Academics in other institutions may regard next week's vote on governance reforms at Oxford University as an irrelevance, but the outcome will have significance beyond the dreaming spires. A perception at the top of government of near-paralysis at both Oxford and Cambridge rubbed off on ministers' view of higher education in general. The Lambert report was clear that changes were needed if the two universities were to maintain their eminence.
Over the past 15 years, Oxford has quietly carried out a number of reforms.
It has streamlined and devolved decision-making and, unlike Cambridge, owns its own intellectual property rights. But the last great reform - to unify college and university decision-making processes - remains. John Hood, the new vice-chancellor, insists in a letter to academic staff this week that his proposals do not mean Oxford is moving towards a "corporate" governance, but towards a model common and proven in research universities.

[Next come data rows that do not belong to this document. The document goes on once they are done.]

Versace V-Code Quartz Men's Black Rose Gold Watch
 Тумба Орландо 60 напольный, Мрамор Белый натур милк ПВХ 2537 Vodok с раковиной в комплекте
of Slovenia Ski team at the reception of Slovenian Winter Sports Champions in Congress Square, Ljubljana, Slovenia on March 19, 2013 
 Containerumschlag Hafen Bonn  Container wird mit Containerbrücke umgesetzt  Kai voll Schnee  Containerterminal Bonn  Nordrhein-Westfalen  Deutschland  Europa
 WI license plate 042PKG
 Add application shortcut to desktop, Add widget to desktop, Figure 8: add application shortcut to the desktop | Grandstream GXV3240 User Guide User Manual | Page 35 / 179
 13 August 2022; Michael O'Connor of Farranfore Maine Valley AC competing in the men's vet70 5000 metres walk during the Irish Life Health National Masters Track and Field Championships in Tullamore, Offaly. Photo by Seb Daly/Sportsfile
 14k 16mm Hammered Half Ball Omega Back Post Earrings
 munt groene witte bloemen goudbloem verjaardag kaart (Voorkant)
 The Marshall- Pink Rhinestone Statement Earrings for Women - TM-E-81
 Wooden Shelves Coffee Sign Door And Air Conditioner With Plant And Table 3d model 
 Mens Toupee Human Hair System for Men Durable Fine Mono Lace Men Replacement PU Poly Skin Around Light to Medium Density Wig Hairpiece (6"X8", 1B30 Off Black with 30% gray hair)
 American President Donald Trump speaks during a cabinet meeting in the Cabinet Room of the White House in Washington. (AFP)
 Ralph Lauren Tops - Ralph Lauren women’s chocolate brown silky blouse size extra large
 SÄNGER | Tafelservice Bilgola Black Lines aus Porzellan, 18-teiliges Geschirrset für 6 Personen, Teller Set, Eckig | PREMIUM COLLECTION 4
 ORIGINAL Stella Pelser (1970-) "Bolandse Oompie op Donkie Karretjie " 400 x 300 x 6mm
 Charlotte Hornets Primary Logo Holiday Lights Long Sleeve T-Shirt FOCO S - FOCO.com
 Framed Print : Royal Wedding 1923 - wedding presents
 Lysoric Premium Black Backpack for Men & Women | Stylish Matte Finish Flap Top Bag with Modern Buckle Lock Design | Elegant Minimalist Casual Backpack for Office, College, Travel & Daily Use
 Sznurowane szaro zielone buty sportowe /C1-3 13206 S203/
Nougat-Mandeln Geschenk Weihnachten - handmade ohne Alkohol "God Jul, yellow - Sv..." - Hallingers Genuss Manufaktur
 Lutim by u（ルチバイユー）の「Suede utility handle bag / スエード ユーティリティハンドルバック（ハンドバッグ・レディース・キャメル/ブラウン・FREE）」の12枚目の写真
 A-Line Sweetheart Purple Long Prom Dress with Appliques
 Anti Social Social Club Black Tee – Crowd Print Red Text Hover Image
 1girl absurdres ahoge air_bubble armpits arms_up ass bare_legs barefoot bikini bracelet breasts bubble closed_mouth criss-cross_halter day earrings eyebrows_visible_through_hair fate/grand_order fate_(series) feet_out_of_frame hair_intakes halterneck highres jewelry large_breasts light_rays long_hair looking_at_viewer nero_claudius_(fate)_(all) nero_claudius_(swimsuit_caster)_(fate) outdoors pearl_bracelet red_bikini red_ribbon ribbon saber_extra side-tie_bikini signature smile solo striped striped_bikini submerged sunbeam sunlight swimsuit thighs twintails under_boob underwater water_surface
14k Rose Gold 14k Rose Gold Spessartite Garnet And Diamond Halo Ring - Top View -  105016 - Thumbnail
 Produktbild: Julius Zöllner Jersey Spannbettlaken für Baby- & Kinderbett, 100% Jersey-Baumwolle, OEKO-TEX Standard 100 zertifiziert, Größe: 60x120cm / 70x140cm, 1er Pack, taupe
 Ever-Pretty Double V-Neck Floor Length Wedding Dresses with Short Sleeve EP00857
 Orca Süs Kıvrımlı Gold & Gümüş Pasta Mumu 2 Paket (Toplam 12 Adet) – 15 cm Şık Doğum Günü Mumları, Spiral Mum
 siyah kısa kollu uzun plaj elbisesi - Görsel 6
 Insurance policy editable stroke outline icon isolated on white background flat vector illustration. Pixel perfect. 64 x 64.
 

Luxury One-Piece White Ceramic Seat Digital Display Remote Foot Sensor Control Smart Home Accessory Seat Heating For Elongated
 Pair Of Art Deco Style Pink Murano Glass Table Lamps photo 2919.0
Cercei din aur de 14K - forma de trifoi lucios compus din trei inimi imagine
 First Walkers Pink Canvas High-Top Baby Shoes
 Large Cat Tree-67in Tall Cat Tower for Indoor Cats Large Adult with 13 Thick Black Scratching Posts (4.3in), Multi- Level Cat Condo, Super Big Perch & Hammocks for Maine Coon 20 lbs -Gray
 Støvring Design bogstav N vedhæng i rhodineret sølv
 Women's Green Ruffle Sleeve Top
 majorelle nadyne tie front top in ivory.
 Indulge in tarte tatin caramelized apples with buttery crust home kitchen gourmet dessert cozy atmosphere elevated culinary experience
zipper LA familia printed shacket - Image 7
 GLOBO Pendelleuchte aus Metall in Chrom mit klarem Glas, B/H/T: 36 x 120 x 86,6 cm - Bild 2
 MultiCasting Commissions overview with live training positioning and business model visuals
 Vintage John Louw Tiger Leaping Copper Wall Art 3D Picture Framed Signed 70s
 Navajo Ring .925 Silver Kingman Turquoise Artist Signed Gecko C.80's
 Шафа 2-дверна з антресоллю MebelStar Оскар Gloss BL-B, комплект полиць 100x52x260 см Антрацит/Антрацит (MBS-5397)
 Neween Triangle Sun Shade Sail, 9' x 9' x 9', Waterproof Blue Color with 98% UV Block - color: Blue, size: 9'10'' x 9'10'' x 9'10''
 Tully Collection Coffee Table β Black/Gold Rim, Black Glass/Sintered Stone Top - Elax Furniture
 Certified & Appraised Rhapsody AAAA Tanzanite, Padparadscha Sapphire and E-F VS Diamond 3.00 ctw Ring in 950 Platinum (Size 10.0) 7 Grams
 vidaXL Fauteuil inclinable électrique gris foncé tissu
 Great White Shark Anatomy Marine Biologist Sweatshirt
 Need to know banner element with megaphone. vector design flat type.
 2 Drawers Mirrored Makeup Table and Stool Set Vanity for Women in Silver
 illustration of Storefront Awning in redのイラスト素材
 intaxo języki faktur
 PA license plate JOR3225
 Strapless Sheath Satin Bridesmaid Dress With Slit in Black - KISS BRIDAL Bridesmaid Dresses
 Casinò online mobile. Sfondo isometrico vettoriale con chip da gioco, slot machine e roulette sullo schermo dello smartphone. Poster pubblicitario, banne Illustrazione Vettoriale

Next week's debate will include a call to delay the reforms and, under the banner of academic freedom, to reject proposed joint university-college reviews of academic performance. But academic freedom should not be confused with obstinate conservatism if adequate safeguards can be built into a better system. Greater co-ordination between the central university and the colleges will surely be essential in any unified governance structure. It remains to be seen if Dr Hood is trying to move too far too fast, but Oxford cannot afford to stand still if it is to make the most of new opportunities and overcome the problems that are already threatening the university's science departments.